[Action item]
Using only the entries below, copy exactly the lines that begin at the one with "428 Azalea Street, Lake Jackson, TX 77566" and end at the one with "Op 1,0 km van", both included. Drop the pictures.

[Given records]
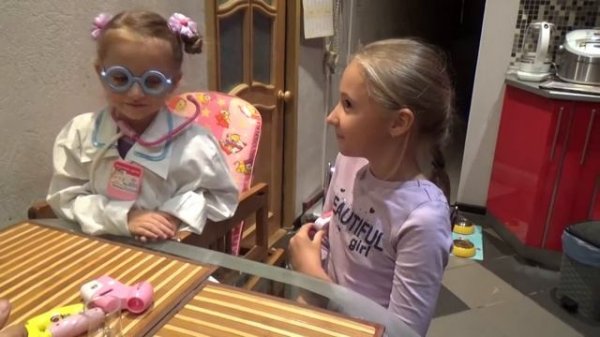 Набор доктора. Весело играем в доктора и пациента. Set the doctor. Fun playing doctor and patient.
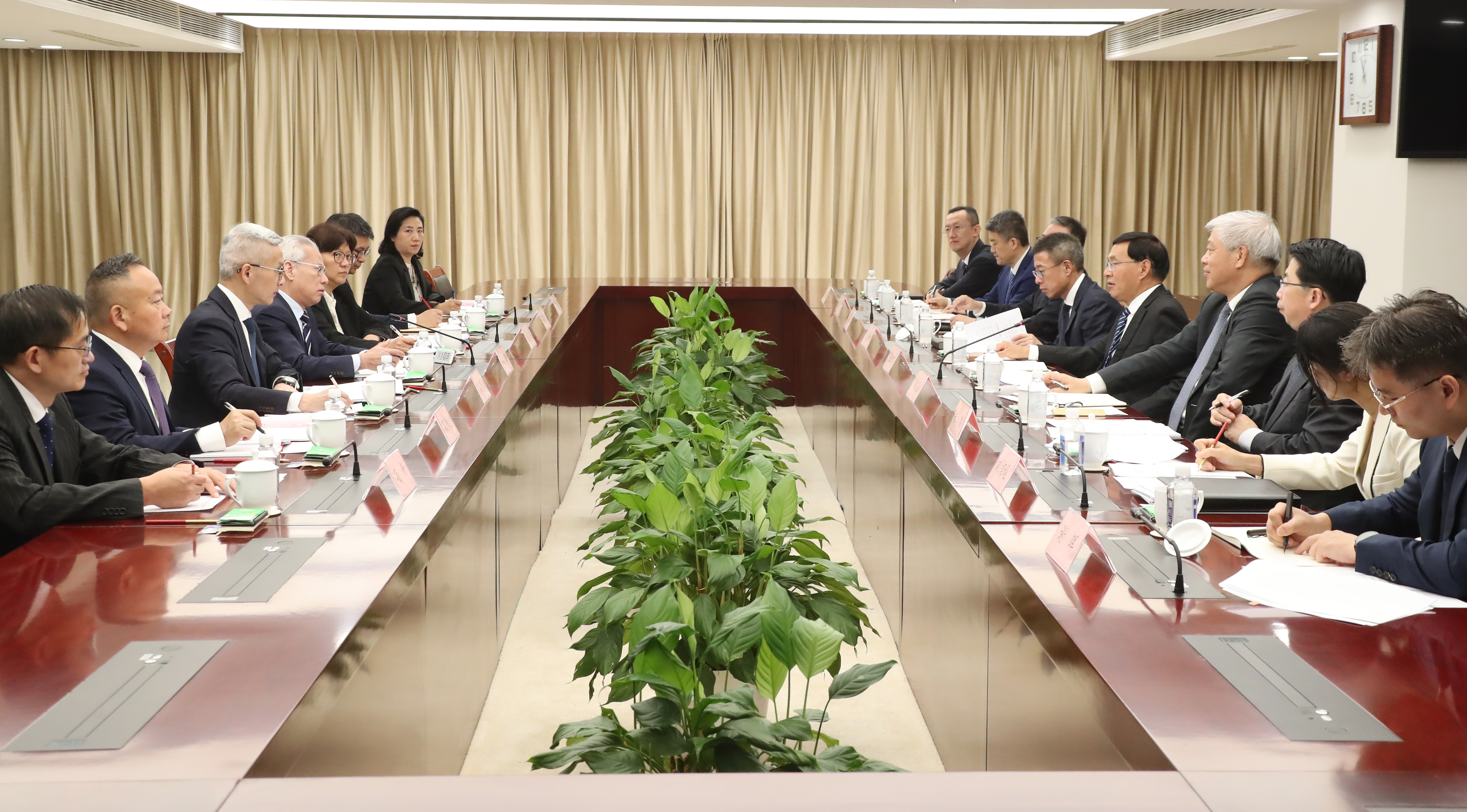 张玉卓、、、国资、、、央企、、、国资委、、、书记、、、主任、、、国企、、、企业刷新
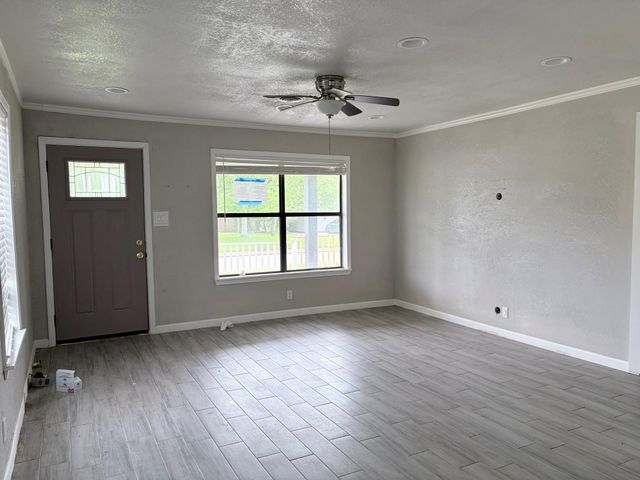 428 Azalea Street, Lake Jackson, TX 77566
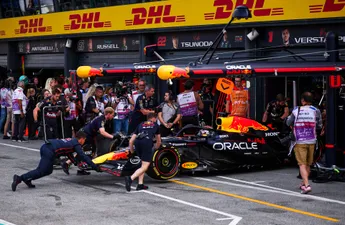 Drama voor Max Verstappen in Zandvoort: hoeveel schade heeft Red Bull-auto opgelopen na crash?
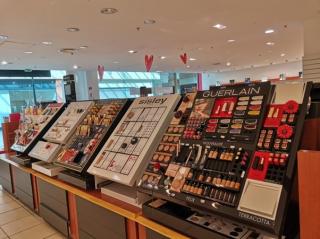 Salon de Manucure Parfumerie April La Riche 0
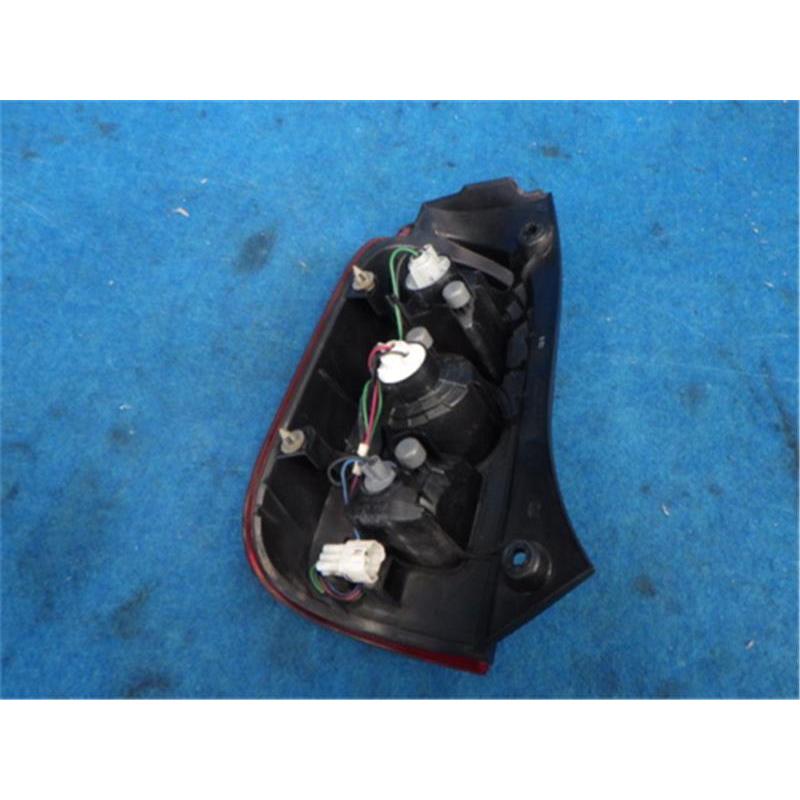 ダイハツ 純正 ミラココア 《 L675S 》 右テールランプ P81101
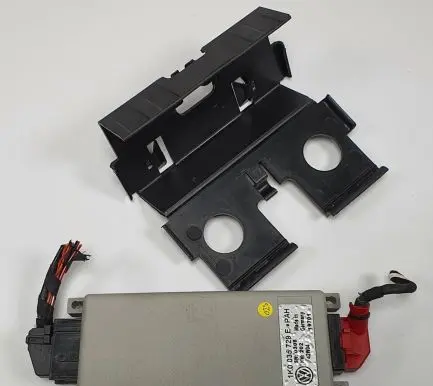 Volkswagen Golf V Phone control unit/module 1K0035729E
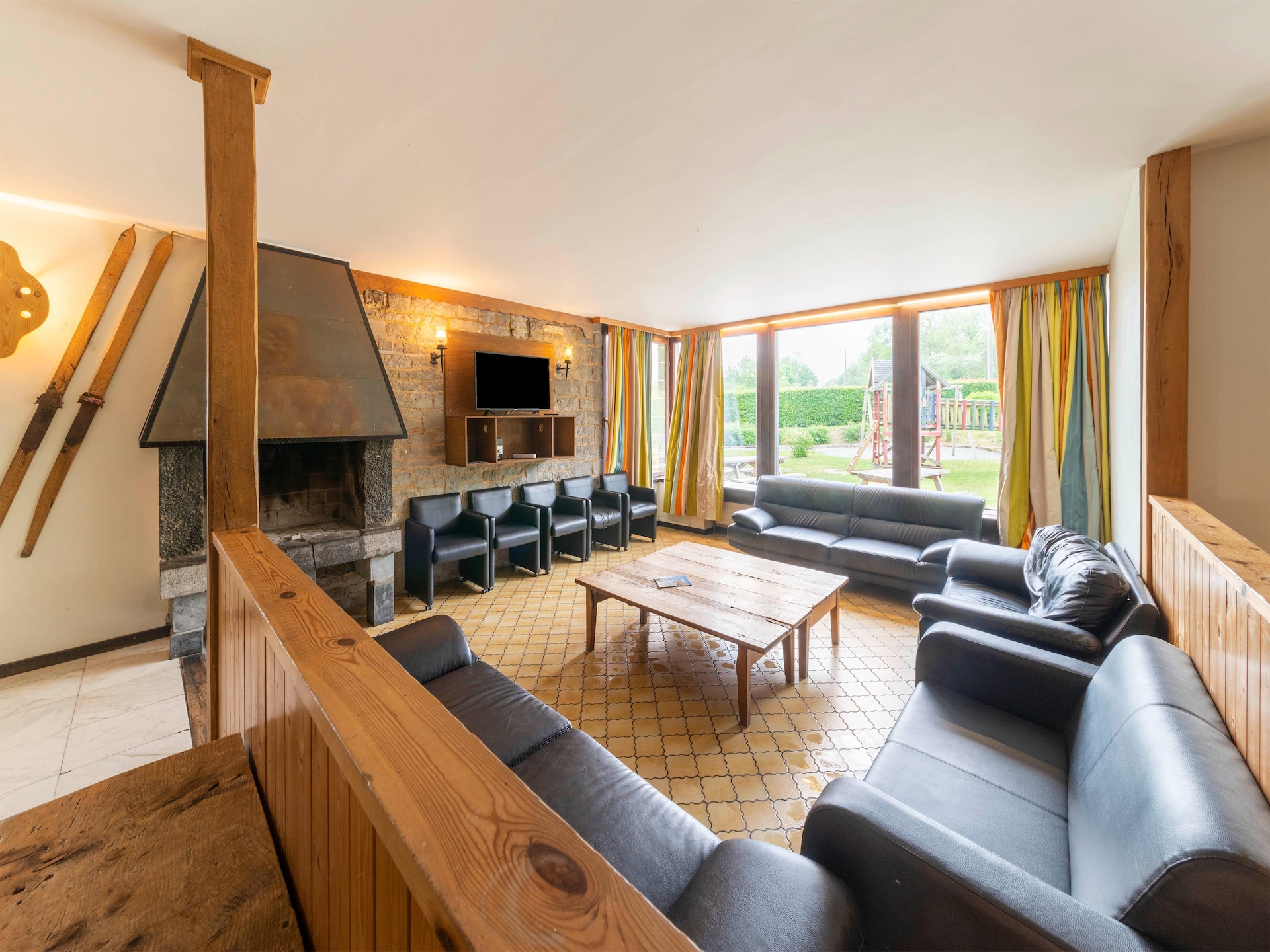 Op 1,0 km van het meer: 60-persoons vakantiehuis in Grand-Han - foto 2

* * *

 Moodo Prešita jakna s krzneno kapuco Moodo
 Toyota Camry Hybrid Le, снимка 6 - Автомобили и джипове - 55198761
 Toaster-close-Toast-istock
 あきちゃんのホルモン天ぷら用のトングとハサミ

* * *

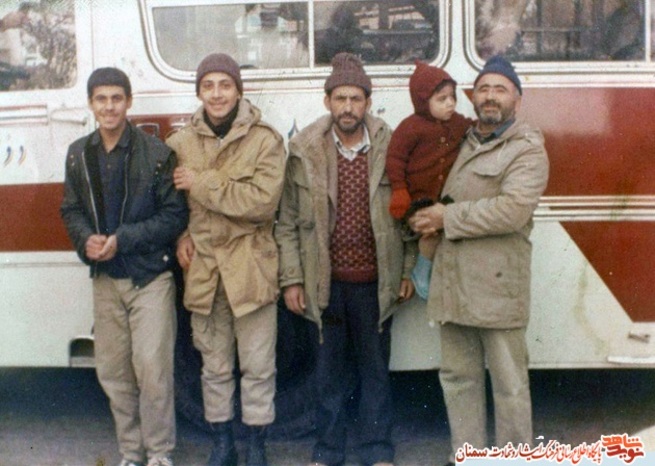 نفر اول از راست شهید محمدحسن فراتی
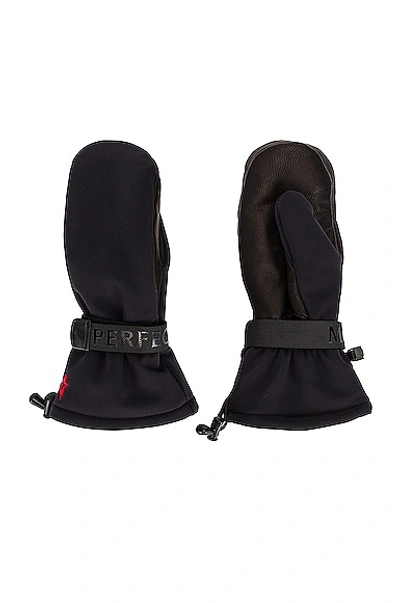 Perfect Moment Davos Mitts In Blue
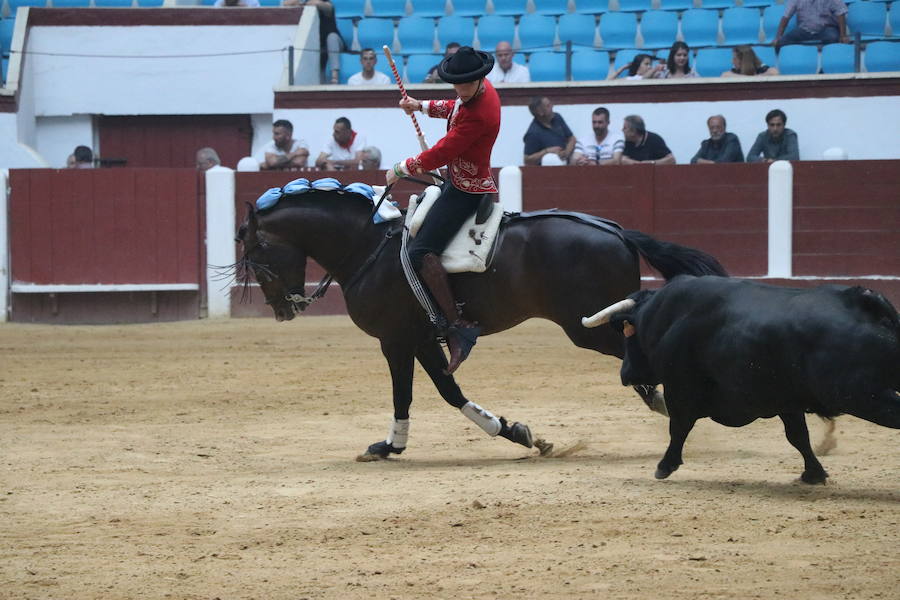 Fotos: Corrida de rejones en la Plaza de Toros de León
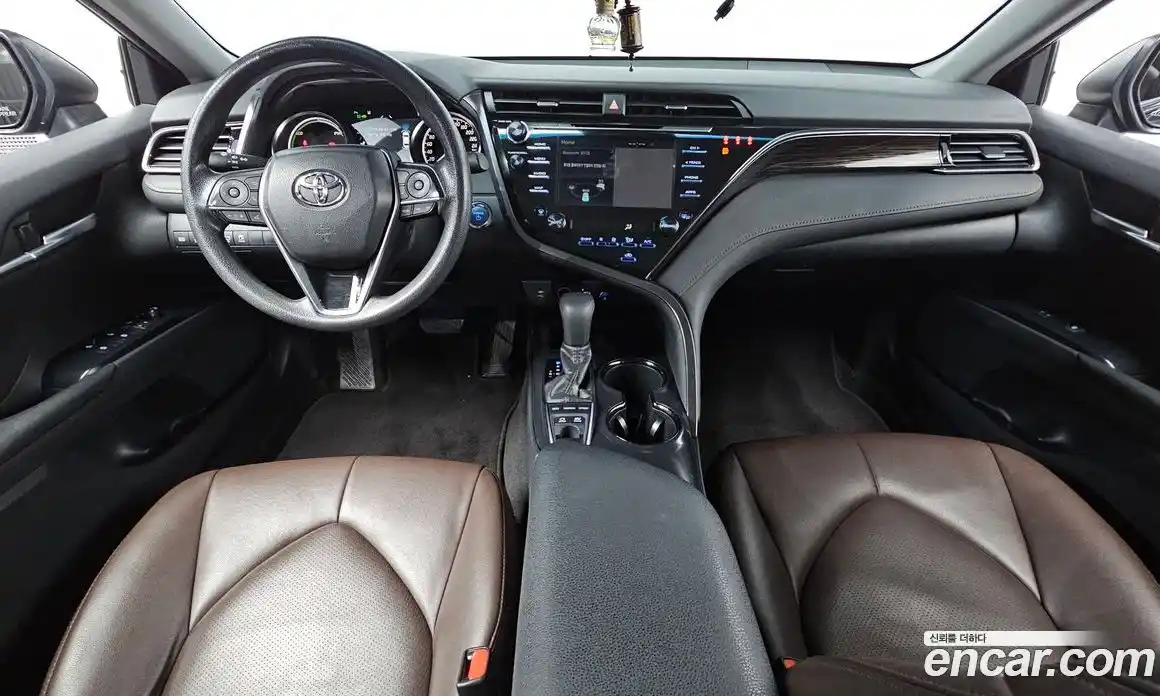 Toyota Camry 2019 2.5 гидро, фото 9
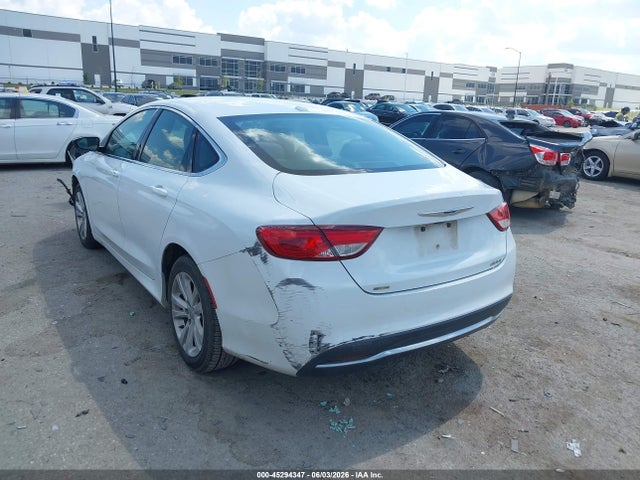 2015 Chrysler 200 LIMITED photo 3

[Output of the exercise]
 428 Azalea Street, Lake Jackson, TX 77566
 Drama voor Max Verstappen in Zandvoort: hoeveel schade heeft Red Bull-auto opgelopen na crash?
 Salon de Manucure Parfumerie April La Riche 0
 ダイハツ 純正 ミラココア 《 L675S 》 右テールランプ P81101
 Volkswagen Golf V Phone control unit/module 1K0035729E
 Op 1,0 km van het meer: 60-persoons vakantiehuis in Grand-Han - foto 2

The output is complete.